The Court  primarily dealt with two relevant contentions in this case concerning the maintainability of the present writ petition under Section 166 of the Act and liability to pay compensation to the claimant. According to the  insurance company the present petition was not maintainable as it was the insurer of the fateful vehicle involved in the accident and the petitioner himself being a gratuitous driver, who borrowed vehicle from his friend (first respondent), who now stepped into the shoes of the owner, couldnot be both claimant and receiver at the same time. 

The Court noted that it is no more res integra that the principle “claimant stepping into the shoes of owner” is applicable only in respect of Section 163-A of the Act, wherein this special provision is meant for special class of claimants based on no fault liability basis which provides it is the owner or the authorised insurer who has to be the indemnifier as per the scheme of Section 163-A of the Act, which is not the case in respect of Section 166 of the Act. 

The Court was of the view that the “Driver stepping into the shoes of the owner” is only applicable in claims filed under Section 163-A of the Act and in the present case the said ground was already considered when there conversion of petition under Section 166 of the Act. 

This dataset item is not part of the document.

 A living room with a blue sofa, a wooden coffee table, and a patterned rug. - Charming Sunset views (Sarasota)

However, the question that came  to the surface was that who would be held responsible to pay the claimant, the answer to the same was to be determined in accordance with the terms of the policy. The Court stated that the only requirement to claim under Section 166 read with 165 of the Act is that there should be an involvement of a Motor Vehicle in respect to the accident involving fatal injury that entitles the claimant to institute the claim petition. 

The Bench said,” It is no more res integra that the principal of “claimant stepping into the shoes of owner” is applicable only in respect of Section 163-A of the Act, wherein this special provision is meant for special class of claimants based on no fault liability basis which provides it is the owner or the authorized insurer who has to be the indemnifier as per the scheme of Section 163-A of the Act, which is not the case in respect of Section 166 of the Act.”

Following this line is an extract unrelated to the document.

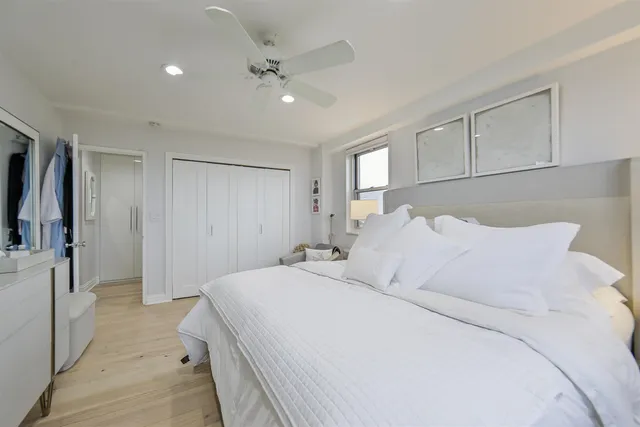 a spacious bedroom with a bed and a chandelier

The Bench referred to the judgment of the Apex Court case in Ningamma and Anr. .v/s. United India Insurance Company wherein it was categorically held that in case of claim under Section 163-A the liability is upon the owner of the vehicle to pay compensation and a person cannot be both recipient as well as the claimant. In such a case an application should be moved under Section 166 of the Act. 

Another issue that was determined by the Court was pertaining to the compensation that should be granted to the appellant in accordance with the terms of the insurance policy. The Counsel for the petitioner stated that he was covered under Section 2 Clause 3 of the insurance policy and fell in the category of ‘third party” . It was submitted that since the petitioner/ appellant was not the registered owner of the vehicle, he therefore should be treated as “third party” . 

The Court also noted that the Member of the Tribunal did not consider the clauses of the insurance policy at all. The Counsel for the petitioner also cited the case of New Asiatic Insurance Company Limited .v/s. Pessumal Dhanamal Aswani and ors. , wherein the Apex Court has held that once the company has undertaken liability to third parties incurred by the persons specified in the policy, the third party right to recover any amount under or by virtue of provision of the act is not affected by any condition in the policy.

However, the Member of the Tribunal paid no attention to the clauses of the policy. Thus, the Court was of the view that the insurance policy being the comprehensive one and the insurer  was not able to prove the breach of the policy makes the appellant entitled for compensation. It was also held that if the observation of the Member of the Tribunal was followed then in accordance with the same, no driver will be ever able to claim compensation and the same shall vitiate the objective of the Act. 

In view of above stated findings the order of the Court directed the respondents to pay jointly and severally compensation of Rs.42,45,000 alongwith simple interest of 8% p.a. from the date of filing of claim petition.